Ravenous Bugblatter Beast of Traal
I think you just demonstrated that the sorcerer is already uniquely capable of concentrating on two spell effects at once through Twin Spell. And on the wizard side, enchanters get Split Enchantment.
The Sorcerer can not have up two Concentration spells. Ever.

IF the Sorcerer picks a particular metamagic, they can have up two instances of the same spell, from a very limited selection of spells (single target only), cast with the same slot.

That last bit is a limitation too - session before last we had our sorcerer with Invisibility on himself and our rogue as they were split from the rest of the party. They got split up by circumstances and the sorcerer had becoem visible. He couldn't re-invisible himself without dropping it on the rogue, since the rogue was out of line of sight and couldn't be a target for a recasting.

So the sorcerer right now has a small taste of what it's like. But they can't have two different spells up, and which spell it can be is quite limited which is a big deal with the limited spells known of the Sorc. What they do now is really far from "Sorcerers can manage to Concentrate on two spells".
 

dave2008

Legend
If I were writing a feat to grant double concentration, that's pretty much exactly how I'd have done it.
I think it makes some sense as a baseline, but to harsh for a feat. It is pretty risky choice as a feat. With disadvantage that is going to bite you quite a bit I would think, and now you've wasted a feat on it.

I it makes some sense if you try to concentrate on 2 things there are draw backs, I get that. But then your not really a "focused caster." I think that might be an interesting baseline rule for anyone to attempt extra concentration instead of a feat.
 

DND_Reborn

The High Aldwin
The disadvantage + loosing both spells seems harsh. Why did you only use this feat "for a while?"

No one took it LOL. I guess we were so used to the system as is, we have learned to deal with the present concentration restrictions.

It is like Reactive ( a feat allowing two reactions per round), good in theory and strong, but no one took it.

It isn't harsh also because once you take War Caster, you remove the disadvantage.
 

Blue

Ravenous Bugblatter Beast of Traal
I am on the fence regarding concentration. It keeps the balance of power in check, but it is also too limiting in many respects, and for the enemy, too damn easy to break concentration. Even a wizard hit by a single magic missile, 2 points from a dagger, and 1 point from a waffled firebolt, would be forced to roll three DC 10 Con saves to maintain his spell.

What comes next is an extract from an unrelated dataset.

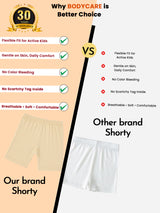 Girls 100% Cotton Shorties with Inner Elastic for Comfortable Coverage, Durable Wear and Easy Movement - Pack of 3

I found your example to be a bit contrived in showing low damage to try to emotionally support your point. It's focus fire from three sources - not a small effort fromt he opposition. The exact same thing could have been:

The wizard fails a save vs. Call Lightning for 18, gets critted by an Ogre for 20, and makes a save vs. Fireball and also takes 20.

It's the same three DC 10 saves. But it sounds a lot different.

EDIT: I misread Firebolt as Fireball. Thanks @Galandris for pointing out my mistake.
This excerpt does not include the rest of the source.